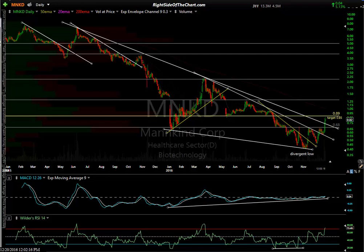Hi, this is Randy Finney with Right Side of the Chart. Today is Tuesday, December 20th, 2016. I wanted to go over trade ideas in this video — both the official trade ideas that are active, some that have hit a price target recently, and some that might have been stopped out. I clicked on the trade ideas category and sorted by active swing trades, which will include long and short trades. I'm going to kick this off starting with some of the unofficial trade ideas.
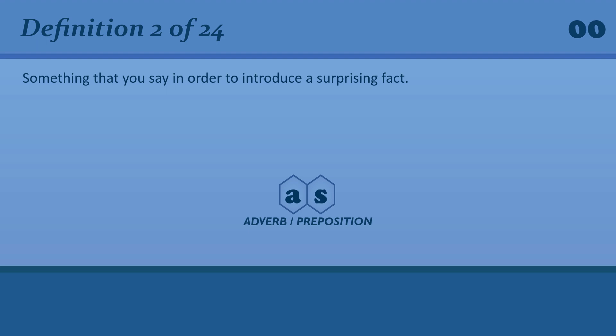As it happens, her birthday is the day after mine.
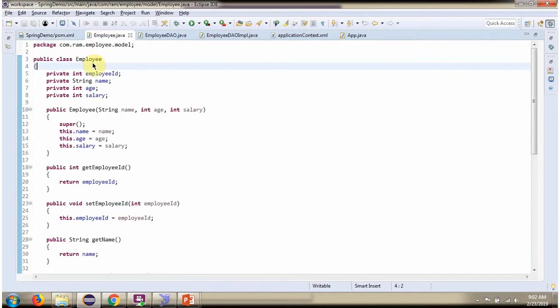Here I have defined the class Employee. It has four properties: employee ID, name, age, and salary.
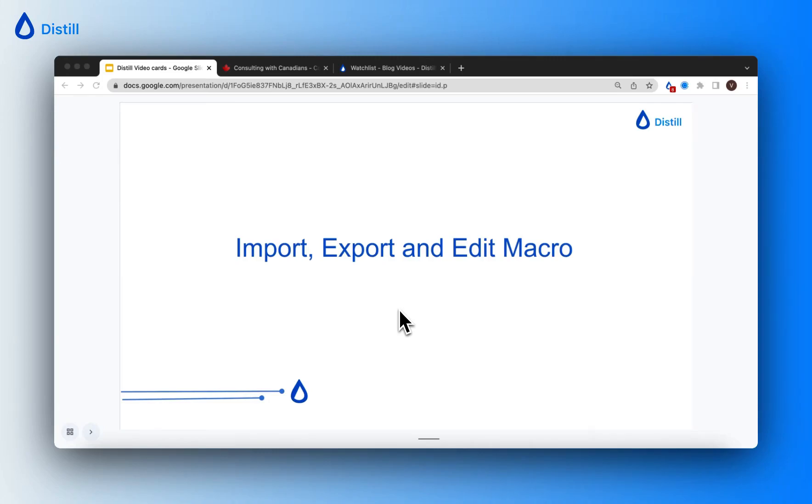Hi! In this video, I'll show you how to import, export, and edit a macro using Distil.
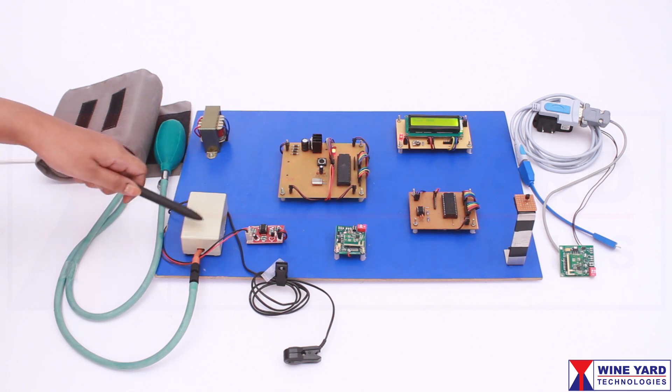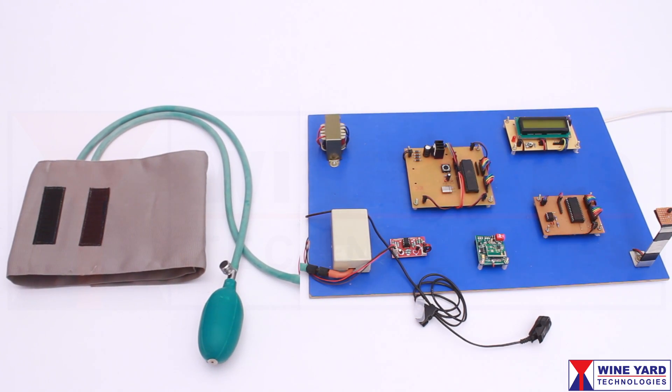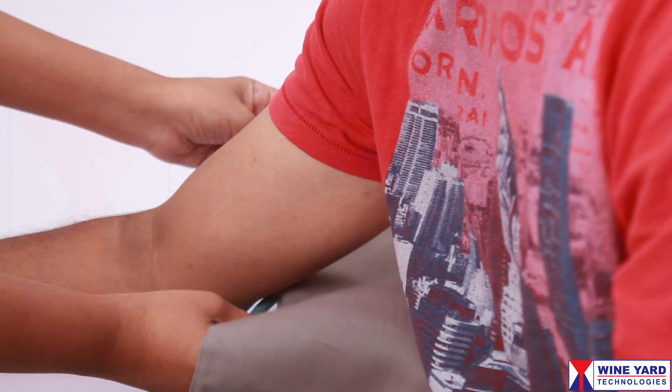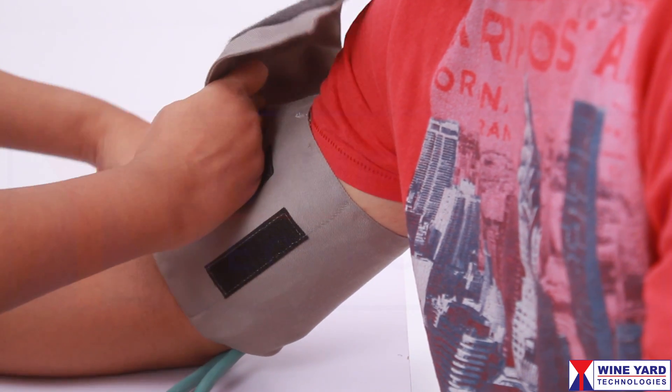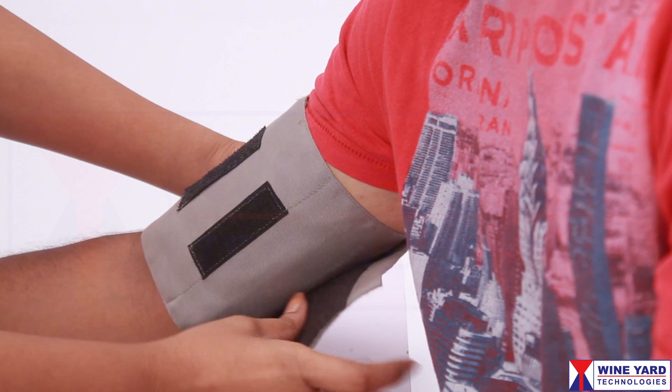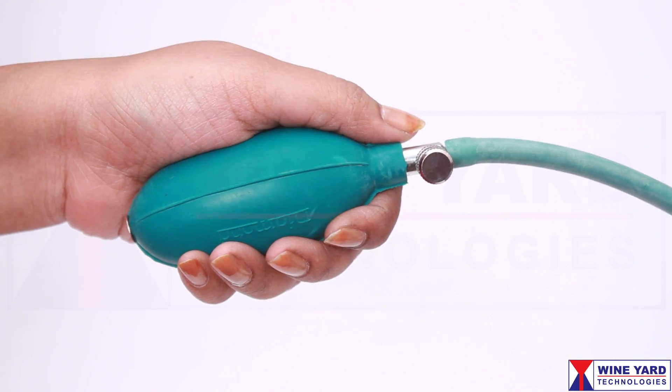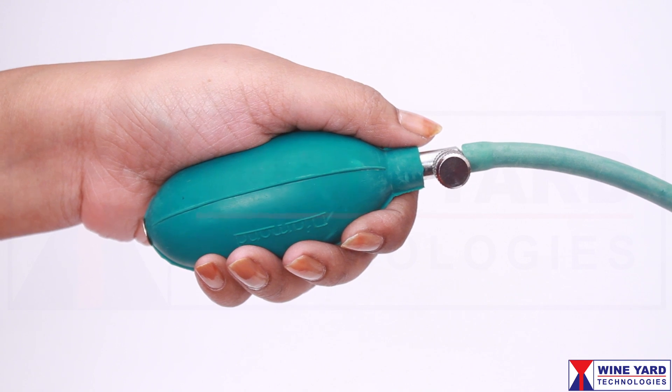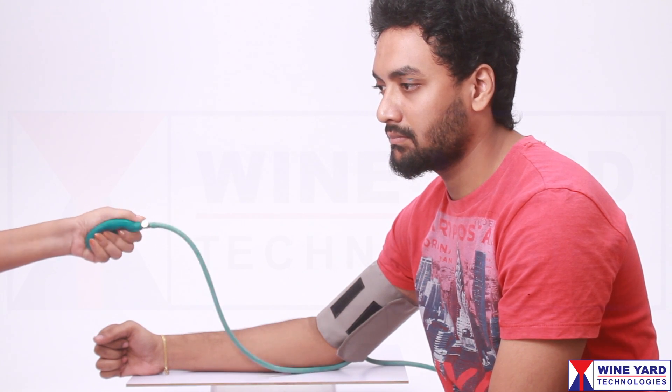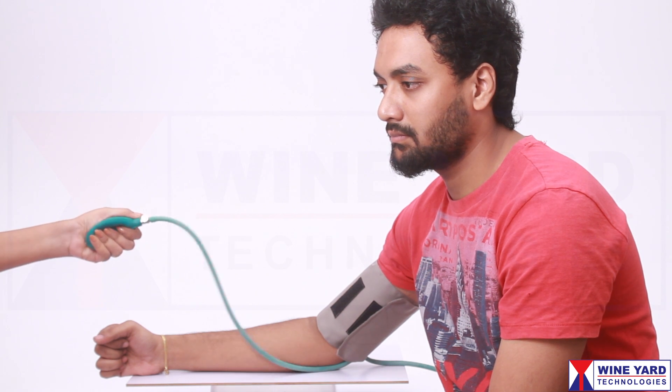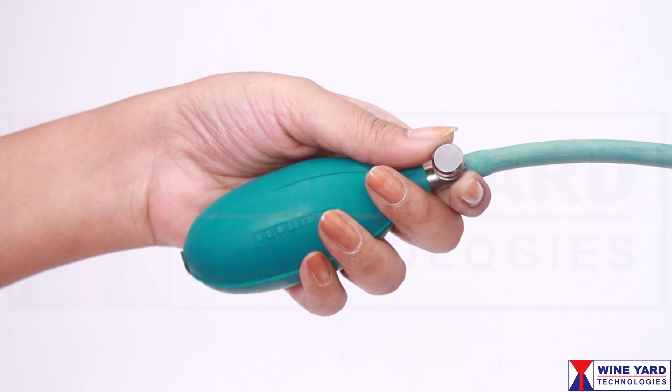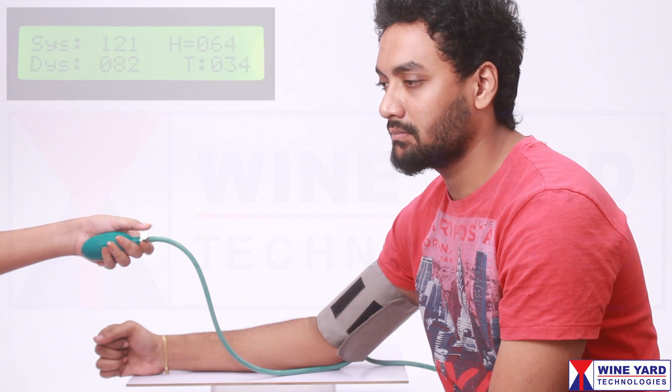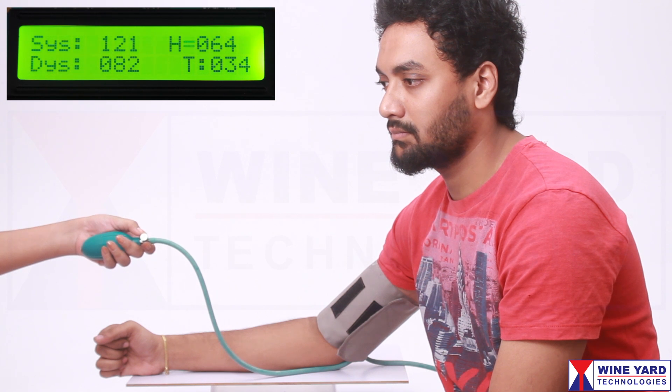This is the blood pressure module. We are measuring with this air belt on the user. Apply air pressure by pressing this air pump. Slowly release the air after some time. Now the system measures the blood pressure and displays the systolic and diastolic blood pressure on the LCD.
============================================================
_WHAT NEEDS TO BE DONE:_ Nothing but the pictures should be left out when the listing is repeated exactly.

_SOLUTION FOR THIS EXERCISE:_
Hi, this is Randy Finney with Right Side of the Chart. Today is Tuesday, December 20th, 2016. I wanted to go over trade ideas in this video — both the official trade ideas that are active, some that have hit a price target recently, and some that might have been stopped out. I clicked on the trade ideas category and sorted by active swing trades, which will include long and short trades. I'm going to kick this off starting with some of the unofficial trade ideas.
As it happens, her birthday is the day after mine.
Here I have defined the class Employee. It has four properties: employee ID, name, age, and salary.
Hi! In this video, I'll show you how to import, export, and edit a macro using Distil.
This is the blood pressure module. We are measuring with this air belt on the user. Apply air pressure by pressing this air pump. Slowly release the air after some time. Now the system measures the blood pressure and displays the systolic and diastolic blood pressure on the LCD.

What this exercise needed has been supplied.